In the case of Richards v. Peake, 2 Barn. & Cress. 918, to an action of trespass qu,. cl. fr. the defendant pleaded a right of common of pasture in a down of which the close, &c., in the declaration mentioned was parcel, and justifying the trespass. Replication that the close in which, &c., in the declaration mentioned, was a certain close called Burgey Cleave Garden, &e. Abbott, C. J., said that the words “ the close in which, &c., in the declaration mentioned,” confine that allegation to the spot where the trespass was committed. In Bassett v. Mitchell, 3 B. & Ad. 99, to an action of trespass qu. cl.fr., the plea was that the close in which, &c., was part of an allotment of six acres ; which was denied by the replication. It appeared that the close set out was not all within the allotment, but that the part in which the actual trespass occurred, was within it; and it was held that the justification was made out. Patteson, J., said, “ the words ‘ in- the said close ’ do not mean every part of the close.” Tapley v. Wainwright, 5 B. & Ad. 395; S. P., 1 Archb. N. P. 339. We think the ruling was correct.
The Court also ruled that a customary right to do any thing on the land of another, was a right adverse to the rights of the owner of the soil. This, however, was said only as introductory to the rest of the sentence — “ and must have been acquiesced in by him.”
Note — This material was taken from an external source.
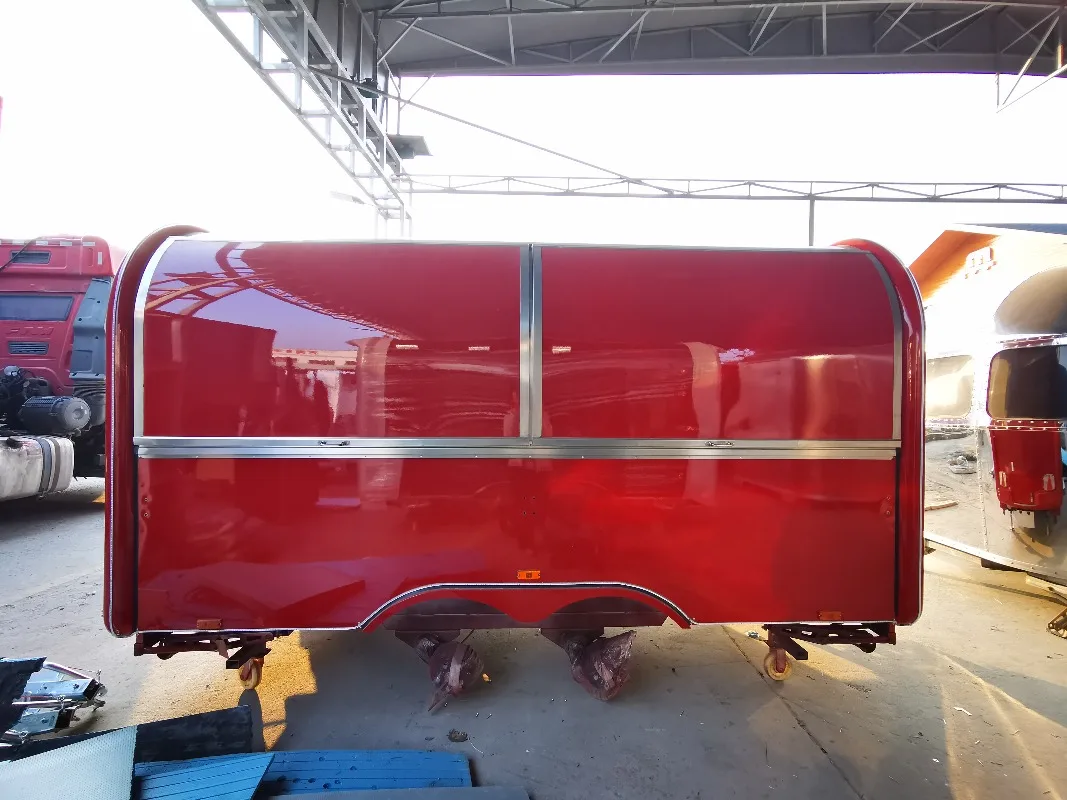 Custom Outdoor Mobile Food Truck Trailer for Fast Food Ice Cream Snack Foods-Multi-functional Customizable Stainless Steel Easy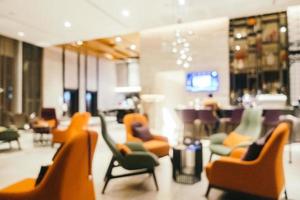 Abstract blur and defocused luxury hotel interior photo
The authorities are that a custom originates in permission. Bac. Abr. Customs. (A.) Still it is in its nature adverse. It is a right which the owner of the soil permits to be exercised upon his land; and he must have acquiesced in it in order to
The defendant here first set up the plea of custom. If he failed in proving that, then he relied on proof of a license. Surely the evidence stated in the case, of his repeatedly going on the land, and doing acts there with the knowledge of, and without any objection from the plaintiffs, is competent to be considered and weighed by the jury, as tending to show a license. He might say, “ all the inhabitants of Hampton did these acts; bat if I cannot prove that they did so, and if I fail in showing a custom, at least when I did them myself the plaintiffs assented to them, and so I had a license.”
The questions of custom and of license were distinct from each other. One of them might have been tried without the other; and if the question of license only had been tried, there would have been no pretence of objection to Lamprey. By applying Lamprey’s testimony to a point upon which it was not offered, and which it proves only incidentally, the plaintiffs raise their objection. Whether they can do this is extremely doubtful.
The general rule is well understood. If a customary right be claimed for the inhabitants of a place, an inhabitant cannot testify in support of the custom, for the verdict would be evidence in his favor. Jacobson v. Fountain, 2 Johns. 170; Gould v. James, 6 Cowen, 369; Bent v. Baker, 3 Term Rep. 33. But in Bent v. Baker, Buller and Grose, Justices, both say that if a witness be competent to answer any question, he ought not to be rejected generally. In the case of Smith v. Carrington, 4 Cranch, 62, it was held by Marshall, C. J., that a witness who was interested to diminish certain admitted items in the plaintiffs’ account was still a competent witness to disprove other items. However, in Cage v. Stewart, 4 Johns. 293, it was held that a witness, interested in one of the articles for which the suit was brought, could not testify as to another article in which he was not interested.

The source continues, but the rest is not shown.